While memory_hotplug.c does appear to permit hot removing arbitrary ranges
of memory, the higher layers that drive memory_hotplug (e.g. ACPI, virtio,
...) all appear to treat memory as fixed size devices. So it is impossible
to hot unplug a different amount than was previously hot plugged, and hence
we should never see a rejection in practice, but adding the check makes us
robust against a future change.

Cc: Catalin Marinas <catalin.marinas@arm.com>
Cc: Will Deacon <will@kernel.org>
Cc: linux-arm-kernel@lists.infradead.org
Cc: linux-kernel@vger.kernel.org
Link: https://lore.kernel.org/all/aWZYXhrT6D2M-7-N@willie-the-truck/
Reviewed-by: David Hildenbrand (Arm) <david@kernel.org>
Reviewed-by: Ryan Roberts <ryan.roberts@arm.com>
Suggested-by: Ryan Roberts <ryan.roberts@arm.com>
Signed-off-by: Anshuman Khandual <anshuman.khandual@arm.com>
---
 arch/arm64/mm/mmu.c | 120 +++++++++++++++++++++++++++++++++++++++++---
 1 file changed, 114 insertions(+), 6 deletions(-)

diff --git a/arch/arm64/mm/mmu.c b/arch/arm64/mm/mmu.c
index 5dbf988120c8..5fb9a66f0754 100644
--- a/arch/arm64/mm/mmu.c
+++ b/arch/arm64/mm/mmu.c
@@ -2014,6 +2014,107 @@ void arch_remove_memory(u64 start, u64 size, struct vmem_altmap *altmap)
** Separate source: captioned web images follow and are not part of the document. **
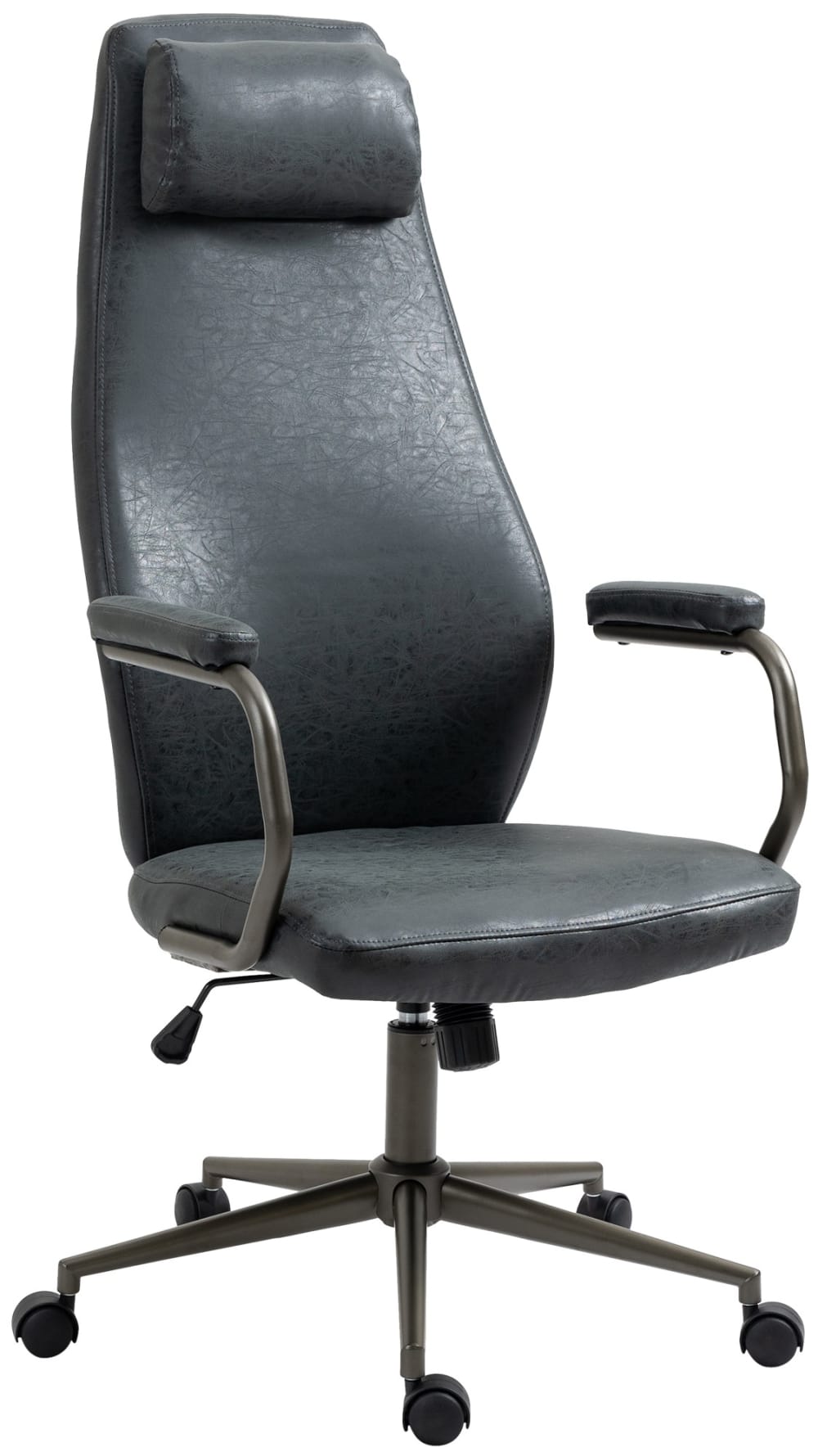 Silla de oficina giratorio ergonómico en simil cuero negro antiguo
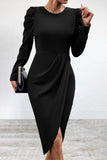 Purpdrank - Elegant Solid Slit Asymmetrical O Neck Irregular Dress Dresses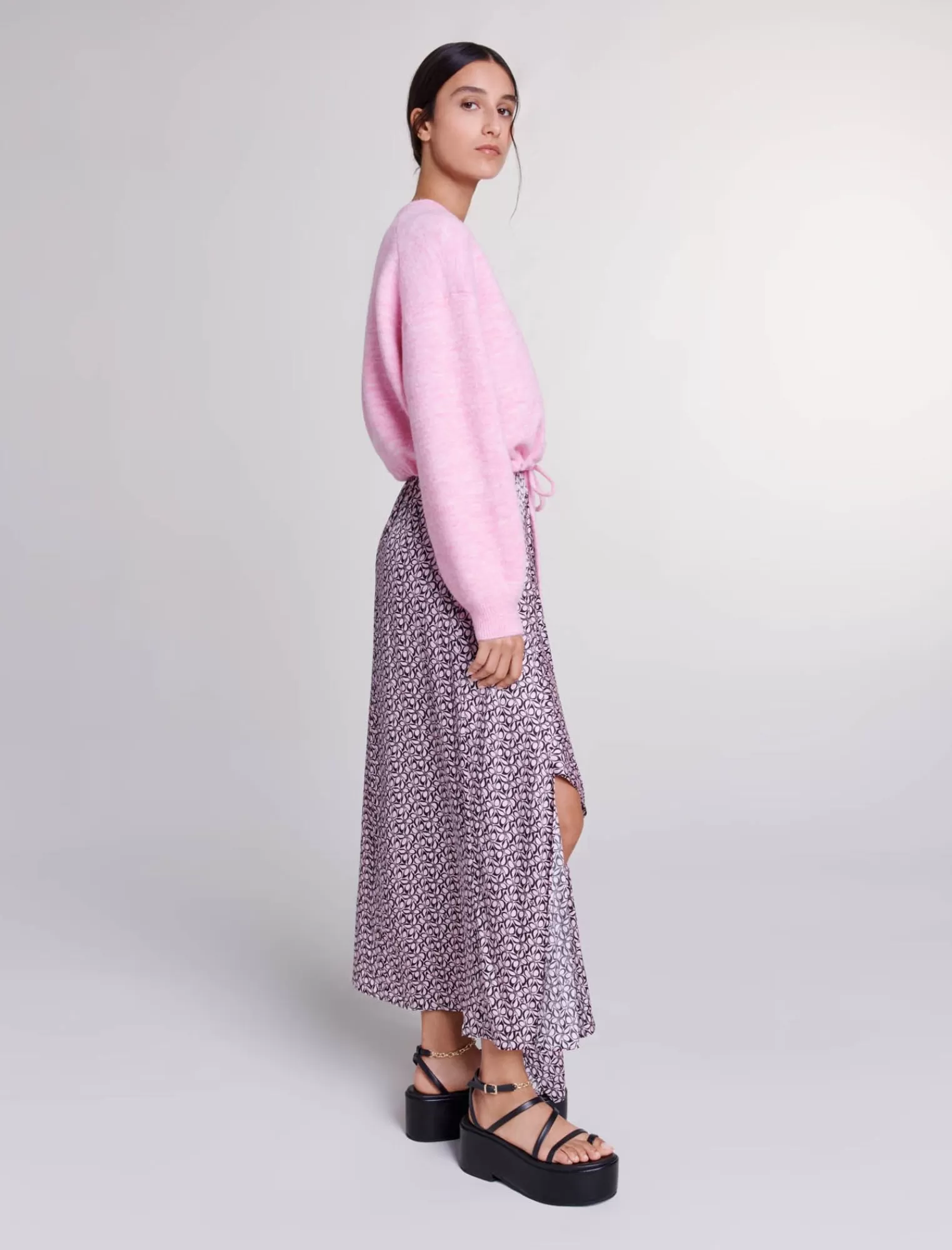 Women Maje Loose Fit Pink Sweater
 	__remove_pgd_mapping(swapper_pg_dir, __phys_to_virt(start), size);
 }
 
+
+static bool addr_splits_kernel_leaf(unsigned long addr)
+{
+	pgd_t *pgdp, pgd;
+	p4d_t *p4dp, p4d;
+	pud_t *pudp, pud;
+	pmd_t *pmdp, pmd;
+	pte_t *ptep, pte;
+
+	/*
+	 * If the given address points at a the start address of
+	 * a possible leaf, we certainly won't split. Otherwise,
+	 * check if we would actually split a leaf by traversing
+	 * the page tables further.
+	 */
+	if (IS_ALIGNED(addr, PGDIR_SIZE))
+		return false;
+
+	pgdp = pgd_offset_k(addr);
+	pgd = pgdp_get(pgdp);
+	if (!pgd_present(pgd))
+		return false;
+
+	if (IS_ALIGNED(addr, P4D_SIZE))
+		return false;
+
+	p4dp = p4d_offset(pgdp, addr);
+	p4d = p4dp_get(p4dp);
+	if (!p4d_present(p4d))
+		return false;
+
+	if (IS_ALIGNED(addr, PUD_SIZE))
+		return false;
+
+	pudp = pud_offset(p4dp, addr);
+	pud = pudp_get(pudp);
+	if (!pud_present(pud))
+		return false;
+
+	if (pud_leaf(pud))
+		return true;
+
+	if (IS_ALIGNED(addr, CONT_PMD_SIZE))
+		return false;
+
+	pmdp = pmd_offset(pudp, addr);
+	pmd = pmdp_get(pmdp);
+	if (!pmd_present(pmd))
+		return false;
+
+	if (pmd_cont(pmd))
+		return true;
+
+	if (IS_ALIGNED(addr, PMD_SIZE))
+		return false;
+
+	if (pmd_leaf(pmd))
+		return true;
+
+	if (IS_ALIGNED(addr, CONT_PTE_SIZE))
+		return false;
+
+	ptep = pte_offset_kernel(pmdp, addr);
+	pte = __ptep_get(ptep);
+	if (!pte_present(pte))
+		return false;
+
+	if (pte_cont(pte))
+		return true;
+
+	return !IS_ALIGNED(addr, PAGE_SIZE);
+}
+
+static bool can_unmap_without_split(unsigned long pfn, unsigned long nr_pages)
+{
+	unsigned long phys_start, phys_end, start, end;
+
+	phys_start = PFN_PHYS(pfn);
+	phys_end = phys_start + nr_pages * PAGE_SIZE;
+
+	/* PFN range's linear map edges are leaf entry aligned */
+	start = __phys_to_virt(phys_start);
+	end =  __phys_to_virt(phys_end);
+	if (addr_splits_kernel_leaf(start) || addr_splits_kernel_leaf(end)) {
+		pr_warn("[%lx %lx] splits a leaf entry in linear map\n",
+			phys_start, phys_end);
+		return false;
+	}
+
+	/* PFN range's vmemmap edges are leaf entry aligned */
+	BUILD_BUG_ON(!IS_ENABLED(CONFIG_SPARSEMEM_VMEMMAP));
+	start = (unsigned long)pfn_to_page(pfn);
+	end = (unsigned long)pfn_to_page(pfn + nr_pages);
+	if (addr_splits_kernel_leaf(start) || addr_splits_kernel_leaf(end)) {
+		pr_warn("[%lx %lx] splits a leaf entry in vmemmap\n",
+			phys_start, phys_end);
+		return false;
+	}
+	return true;
+}
+
 /*
  * This memory hotplug notifier helps prevent boot memory from being
  * inadvertently removed as it blocks pfn range offlining process in
@@ -2022,8 +2123,11 @@ void arch_remove_memory(u64 start, u64 size, struct vmem_altmap *altmap)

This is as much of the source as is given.